For Wragge watching Doug McDermott light up another opponent has become almost commonplace.

"I've been playing with Doug for four years now so it's not like everything he does I think is spectacular," Wragge said. "You're just like, `That's Doug.' But then you take a step back and you're like, `Wow.' You want to relish every moment playing with a guy that makes it all look so easy. There are times during the game even now where you find yourself standing around looking and not doing much because you're watching Doug. It's impressive but at the same time we're kind of used to it. You're like, `Well, there he goes again.'"

So far this season Wragge, Manigat and, oh yeah, Doug McDermott and the rest of the Bluejays, have made the jump from the Missouri Valley Conference to the BIG EAST seem almost flawless for Creighton.

"We all knew it was going to be a transition for us as far as physical stuff and different teams coming in and out of our arena but because we've been together for so long we knew what we needed to do to be successful," Manigat said. "Obviously we've done well in BIG EAST play with just the one loss and we're just trying to keep it going now."

But with just nine games remaining in the regular season, and with just four left at home, the one thing Manigat, Wragge and the rest of the Creighton seniors are finding hard to face is that it will all be coming to an end at some point in the next six to eight weeks or so - the laughs, the ribbing, the camaraderie and, of course, the winning. It will also be the last days to play alongside McDermott and any more chances to look around and say, `Wow.'"

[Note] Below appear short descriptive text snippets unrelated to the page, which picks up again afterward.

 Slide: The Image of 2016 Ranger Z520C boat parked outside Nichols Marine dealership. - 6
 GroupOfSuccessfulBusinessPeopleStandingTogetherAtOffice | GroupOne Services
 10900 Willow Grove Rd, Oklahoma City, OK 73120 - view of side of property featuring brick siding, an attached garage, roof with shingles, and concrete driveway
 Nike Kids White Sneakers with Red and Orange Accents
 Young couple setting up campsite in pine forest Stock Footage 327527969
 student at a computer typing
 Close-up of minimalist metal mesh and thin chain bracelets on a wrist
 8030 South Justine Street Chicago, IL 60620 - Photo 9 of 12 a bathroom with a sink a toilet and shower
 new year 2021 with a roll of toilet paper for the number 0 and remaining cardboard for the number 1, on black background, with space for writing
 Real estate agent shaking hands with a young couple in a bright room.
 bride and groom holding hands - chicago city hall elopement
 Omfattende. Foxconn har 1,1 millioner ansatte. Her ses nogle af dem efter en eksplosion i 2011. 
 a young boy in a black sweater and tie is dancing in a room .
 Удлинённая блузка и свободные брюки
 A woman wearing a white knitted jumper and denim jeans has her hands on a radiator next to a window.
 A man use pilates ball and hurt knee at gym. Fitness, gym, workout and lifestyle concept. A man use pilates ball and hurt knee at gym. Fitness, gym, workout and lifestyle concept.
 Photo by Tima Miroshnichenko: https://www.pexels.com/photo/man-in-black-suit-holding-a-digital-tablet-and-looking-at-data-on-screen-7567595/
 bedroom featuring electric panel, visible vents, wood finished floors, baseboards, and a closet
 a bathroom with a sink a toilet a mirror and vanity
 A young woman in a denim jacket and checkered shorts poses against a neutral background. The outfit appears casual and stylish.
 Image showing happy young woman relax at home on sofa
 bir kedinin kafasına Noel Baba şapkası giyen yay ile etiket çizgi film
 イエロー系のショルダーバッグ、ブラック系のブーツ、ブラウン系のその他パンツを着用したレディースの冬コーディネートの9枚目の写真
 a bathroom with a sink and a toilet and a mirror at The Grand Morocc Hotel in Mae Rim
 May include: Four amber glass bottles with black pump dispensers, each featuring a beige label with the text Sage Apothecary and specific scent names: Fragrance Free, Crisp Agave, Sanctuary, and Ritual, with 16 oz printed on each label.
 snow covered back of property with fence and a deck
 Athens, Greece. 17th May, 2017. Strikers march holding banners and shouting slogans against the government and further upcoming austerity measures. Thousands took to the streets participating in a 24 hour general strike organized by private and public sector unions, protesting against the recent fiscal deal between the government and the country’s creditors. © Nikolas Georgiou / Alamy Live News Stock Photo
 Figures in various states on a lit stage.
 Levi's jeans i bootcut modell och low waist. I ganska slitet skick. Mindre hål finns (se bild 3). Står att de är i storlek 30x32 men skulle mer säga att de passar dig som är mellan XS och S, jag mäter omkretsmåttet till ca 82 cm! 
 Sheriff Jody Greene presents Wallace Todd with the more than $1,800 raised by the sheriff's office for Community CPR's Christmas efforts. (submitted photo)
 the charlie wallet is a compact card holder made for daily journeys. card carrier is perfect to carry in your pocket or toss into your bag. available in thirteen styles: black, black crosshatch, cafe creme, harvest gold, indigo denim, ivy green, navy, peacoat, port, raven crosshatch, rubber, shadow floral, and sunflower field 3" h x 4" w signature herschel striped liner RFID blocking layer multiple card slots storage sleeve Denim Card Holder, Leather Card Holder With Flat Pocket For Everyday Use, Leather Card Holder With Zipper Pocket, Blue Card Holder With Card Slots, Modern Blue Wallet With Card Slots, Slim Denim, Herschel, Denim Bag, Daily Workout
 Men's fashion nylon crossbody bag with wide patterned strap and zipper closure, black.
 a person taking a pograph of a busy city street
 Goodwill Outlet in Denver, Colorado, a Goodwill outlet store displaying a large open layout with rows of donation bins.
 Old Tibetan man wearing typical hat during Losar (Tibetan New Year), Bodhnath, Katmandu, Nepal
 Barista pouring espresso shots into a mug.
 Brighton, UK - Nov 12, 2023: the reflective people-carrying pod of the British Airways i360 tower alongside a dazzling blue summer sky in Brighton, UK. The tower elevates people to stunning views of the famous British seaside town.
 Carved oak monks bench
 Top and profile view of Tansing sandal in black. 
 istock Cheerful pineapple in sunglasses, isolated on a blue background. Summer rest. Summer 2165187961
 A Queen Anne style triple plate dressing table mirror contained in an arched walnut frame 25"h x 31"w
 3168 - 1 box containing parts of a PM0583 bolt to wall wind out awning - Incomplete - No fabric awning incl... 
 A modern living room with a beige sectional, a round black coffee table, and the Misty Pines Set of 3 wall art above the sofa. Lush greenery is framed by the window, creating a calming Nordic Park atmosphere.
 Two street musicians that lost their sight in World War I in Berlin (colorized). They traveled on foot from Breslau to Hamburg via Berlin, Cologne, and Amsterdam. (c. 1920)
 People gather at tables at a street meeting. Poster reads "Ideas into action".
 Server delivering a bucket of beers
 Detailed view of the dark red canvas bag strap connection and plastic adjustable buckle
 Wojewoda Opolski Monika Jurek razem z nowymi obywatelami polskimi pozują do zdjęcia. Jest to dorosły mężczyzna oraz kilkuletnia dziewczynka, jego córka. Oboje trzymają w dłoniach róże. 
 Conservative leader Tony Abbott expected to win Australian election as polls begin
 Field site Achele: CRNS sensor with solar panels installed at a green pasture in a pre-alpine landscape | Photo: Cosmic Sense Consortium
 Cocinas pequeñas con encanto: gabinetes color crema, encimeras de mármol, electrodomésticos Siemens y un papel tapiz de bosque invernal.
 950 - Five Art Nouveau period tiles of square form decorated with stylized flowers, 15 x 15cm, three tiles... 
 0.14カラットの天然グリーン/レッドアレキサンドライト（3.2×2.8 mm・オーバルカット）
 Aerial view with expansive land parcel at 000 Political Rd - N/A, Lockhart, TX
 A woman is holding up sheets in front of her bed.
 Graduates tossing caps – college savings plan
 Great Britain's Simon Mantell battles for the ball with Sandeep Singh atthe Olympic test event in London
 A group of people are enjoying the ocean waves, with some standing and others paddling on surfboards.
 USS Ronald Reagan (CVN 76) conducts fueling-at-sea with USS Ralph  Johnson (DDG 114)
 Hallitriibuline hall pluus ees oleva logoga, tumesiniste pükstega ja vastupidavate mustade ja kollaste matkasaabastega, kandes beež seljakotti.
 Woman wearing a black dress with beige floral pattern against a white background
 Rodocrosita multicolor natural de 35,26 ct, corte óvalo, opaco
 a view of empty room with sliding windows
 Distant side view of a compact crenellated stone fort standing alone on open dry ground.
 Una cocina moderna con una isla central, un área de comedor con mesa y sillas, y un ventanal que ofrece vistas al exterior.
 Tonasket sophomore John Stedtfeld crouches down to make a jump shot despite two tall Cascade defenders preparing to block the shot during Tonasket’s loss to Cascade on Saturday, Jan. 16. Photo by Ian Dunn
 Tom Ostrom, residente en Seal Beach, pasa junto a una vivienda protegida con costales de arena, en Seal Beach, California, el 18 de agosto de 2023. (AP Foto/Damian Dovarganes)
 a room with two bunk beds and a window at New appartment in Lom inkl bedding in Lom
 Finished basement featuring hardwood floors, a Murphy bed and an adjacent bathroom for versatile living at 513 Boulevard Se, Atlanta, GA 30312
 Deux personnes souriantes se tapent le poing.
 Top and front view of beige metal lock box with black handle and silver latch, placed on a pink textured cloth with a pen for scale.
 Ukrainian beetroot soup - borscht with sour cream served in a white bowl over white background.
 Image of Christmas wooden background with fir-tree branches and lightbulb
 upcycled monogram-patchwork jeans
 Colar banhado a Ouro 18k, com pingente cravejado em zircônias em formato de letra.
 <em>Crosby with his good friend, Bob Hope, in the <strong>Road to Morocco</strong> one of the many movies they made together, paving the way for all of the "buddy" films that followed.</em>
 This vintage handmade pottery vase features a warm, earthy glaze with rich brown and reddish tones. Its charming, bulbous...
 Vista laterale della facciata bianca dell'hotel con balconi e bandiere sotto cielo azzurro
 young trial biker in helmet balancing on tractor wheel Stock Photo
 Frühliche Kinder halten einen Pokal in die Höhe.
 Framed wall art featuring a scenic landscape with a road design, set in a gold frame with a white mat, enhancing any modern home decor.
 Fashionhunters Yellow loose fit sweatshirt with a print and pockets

"Every year I've been here there are certainly moments that I remember and I cherish," Manigat said. "I'm sure at the end of the season when I have time to reflect on the year that was I'm pretty sure I'm going to have a smile on my face. But first we want to see how far we can take this thing."

"We're all such good friends on and off the court so I don't want it to end but I think about it a lot," Wragge said. "This is our last go-around and we really want to make it count. I just try to take it all in and not take any day for granted."

But when it is all over, and McDermott is cashing his NBA paychecks next year, Manigat said he already has a plan.

"I've already told Doug that, because I'm Canadian, and the NBA All Star Game is going to be in Toronto (next year) and he's going to be in that rookie game, there's no way I'm going to miss that," Manigat said. "I'm sure you'll see me in Doug's posse every once in a while. That's my man. I got to stay close to him."

Actually, the NBA All Star Game isn't headed to Toronto until 2016. So Manigat's plan may be on hold for a while.